**Assignment:** Where the records below reach the line containing "- 3 Bedroom - Sleeps 8 - R130 * Turre", start transcribing, and end with the line containing "Immagine 12 di", exactly and with nothing else added.

**Entries shown:**
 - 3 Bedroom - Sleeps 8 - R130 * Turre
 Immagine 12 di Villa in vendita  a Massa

...

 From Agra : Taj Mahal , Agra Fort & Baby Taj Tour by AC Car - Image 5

==

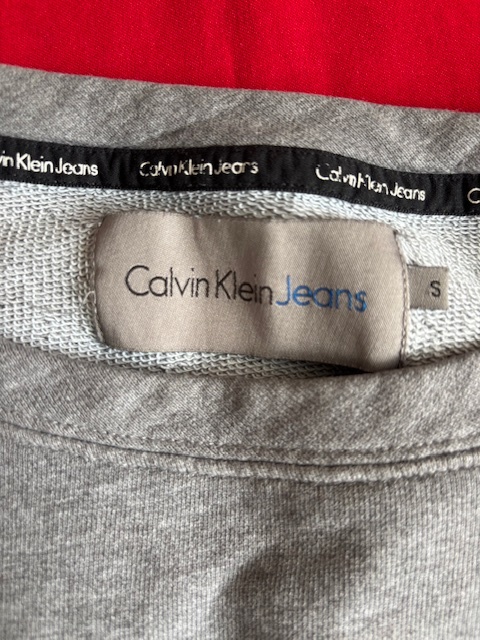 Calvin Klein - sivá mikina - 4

**Answer to the problem:**
 - 3 Bedroom - Sleeps 8 - R130 * Turre
 Immagine 12 di Villa in vendita  a Massa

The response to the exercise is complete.